Its first significant test came with the First World War, during which it had mixed success. It was unable to penetrate Germany itself, but had some significant successes in military and commercial intelligence, mostly achieved with agent networks in neutral countries, occupied territories, and Russia.
After the war its resources were greatly reduced. It began to operate mainly through a system of (sometimes grudging) co-operation with the diplomatic service. Most embassies acquired a "Passport Control Officer" who was in fact the SIS head for that country. This gave SIS's operatives a degree of cover and diplomatic immunity, but the system probably lasted too long and was an open secret by the 1930s. In the immediate post-war years and throughout most of the 1920s, SIS was preoccupied with Communism, and Communist Russia in particular. Sidney Reilly[?] was loosely associated with SIS until his capture, and SIS sponsored and supported both his and Boris Savinkov[?]'s attempts to bring down the Communist regime, in addition to running more orthodox espionage efforts within Russia.

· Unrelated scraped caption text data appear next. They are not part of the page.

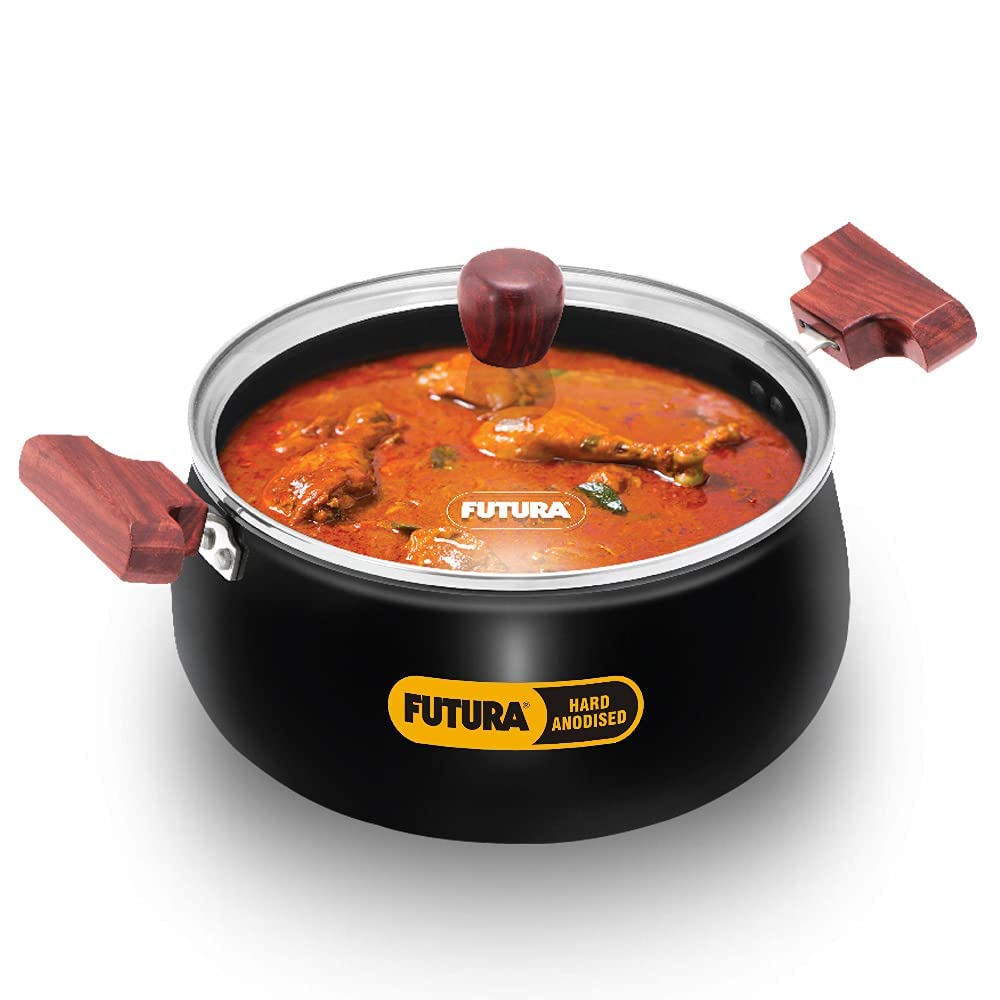 Hawkins Futura 4 Litre Cook n Serve Handi, Hard Anodised Biryani Handi with Glass Lid, Saucepan, Sauce Pan, Black (ACH40G)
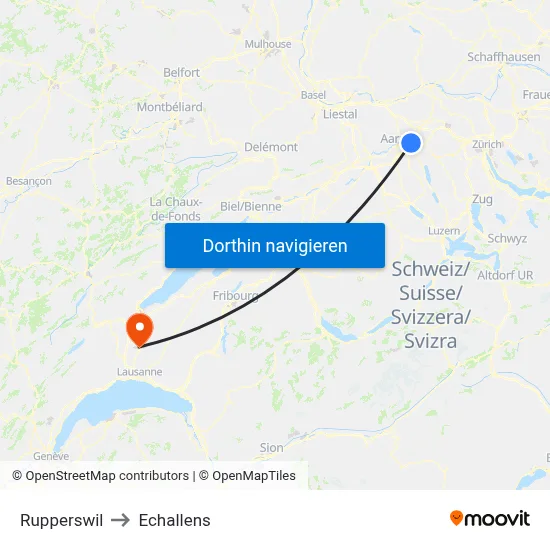 Rupperswil to Echallens map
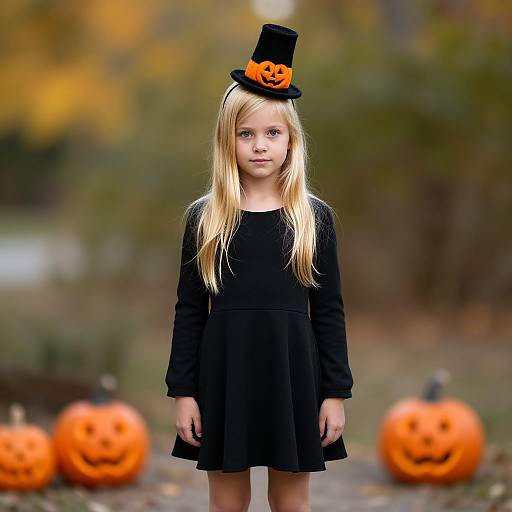 Blonde Girl in Halloween Costume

Cumming died (in his office) in 1923 and was replaced as "C" by Admiral Hugh 'Quex' Sinclair, who is agreed by historians to have been far less effective as a director. He was not incompetent, but he did not have the advantage of Cummings' force of personality, and was unable to command the respect and obedience of his men as effectively as Cumming had.
Along with the rest of the intelligence community and the wider government, SIS switched focus in the 1930s to Nazi Germany. Again its success was rather modest; although it did acquire several quite reliable sources within the Government and also the German Admiralty, its information was probably less comprehensive than that provided by the rival network of Robert Vansittart[?], the permanent undersecretary at the Foreign Office[?].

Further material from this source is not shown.